A System-Level Shift in Operating Models
The transition from ex vivo to in vivo CAR-T can be understood through a set of fundamental operational shifts that extend across manufacturing, logistics, and care delivery.
Ex vivo therapies operate within a case-based system: treatments are produced on demand, tied to individual patients, and delivered through tightly coordinated, time-sensitive workflows. In contrast, in vivo therapies introduce a throughput-oriented model, where standardized products can be manufactured at scale, distributed through established supply chains, and administered with greater flexibility. This shift is reflected across several key dimensions. Manufacturing moves from bespoke, small-batch production to platform-based, high-throughput processes. Logistics transitions from a closed-loop, vein-to-vein system to a hub-and-spoke distribution network. Clinically, care delivery evolves from one-time, high-acuity interventions to repeatable, lower-acuity treatment models.
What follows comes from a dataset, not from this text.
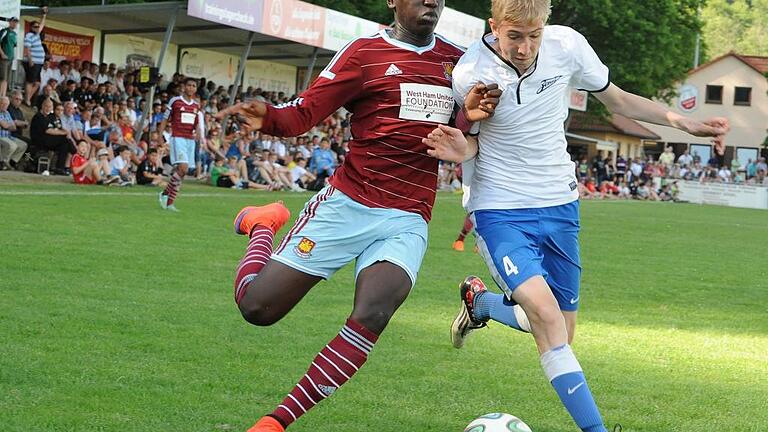 spo-2015-1-js       -  Toller Juniorenfußball vor vollbesetzter Tribüne wird auch in diesem Jahr bei der TSVgg Hausen geboten. Unser Archivbild aus dem Jahr 2015 zeigt eine Final-Szene zwischen Westham United (links) und dem späteren Sieger von Zenith St. Petersburg.Foto: Jürgen Schmitt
Together, these changes signal a broader transformation—from a system defined by individualized production and coordination to one characterized by scalability, standardization, and flow.
Designing for an Uncertain but Directional Future
Despite its promise, in vivo CAR-T remains in early clinical stages, and its ultimate role in oncology care is not yet fully defined. For planners and developers, this introduces a critical challenge: how to design infrastructure that is responsive to a potential paradigm shift without overcommitting to a model that has yet to mature.
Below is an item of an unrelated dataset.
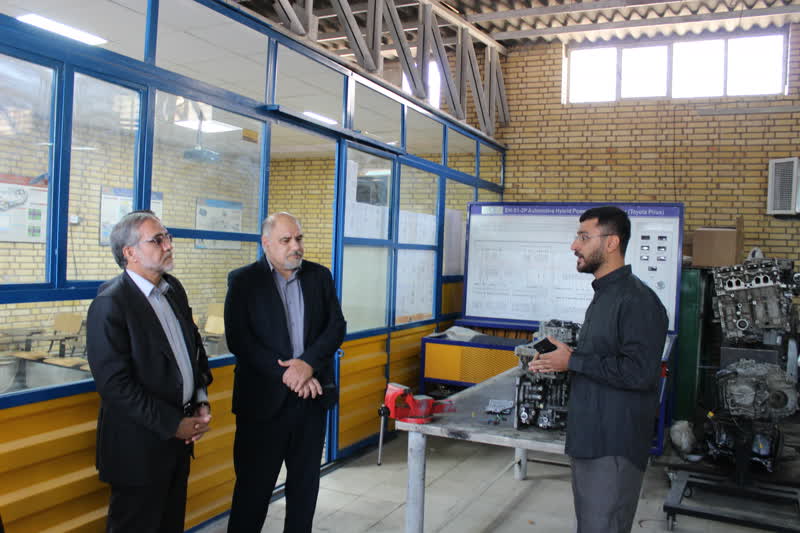 توسعه آموزش‌های مهارتی کلید رشد اقتصادی است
In this context, flexibility becomes a central design principle. Laboratory environments may need to accommodate both patient-specific cell processing and emerging biologics manufacturing platforms. Similarly, cancer centers must balance current demand for high-acuity, scheduled infusion with the potential future need for higher-throughput, repeatable treatment capacity.
Rather than optimizing for a single anticipated future state, organizations should prioritize adaptable systems—modular GMP spaces, scalable infusion capacity, and right-sized cold storage infrastructure that can expand with demand. The goal is not to predict the precise trajectory of in vivo CAR-T, but to ensure that facilities remain resilient across multiple potential scenarios.
Preparing for the Next Phase of CAR-T Delivery
The evolution of CAR-T therapy from ex vivo to in vivo represents more than a scientific advancement—it signals a broader shift in how therapies are produced, delivered, and integrated into care systems. While the timeline for widespread adoption remains uncertain, the direction of change is increasingly clear.
For those involved in laboratory and healthcare facility planning, the implications are immediate. Decisions made today—regarding manufacturing space, infusion capacity, and operational models—will shape the ability to adapt to this next generation of therapies. As the field progresses, the most resilient organizations will be those that recognize the shift early and design not for the present alone, but for the system that is already beginning to emerge.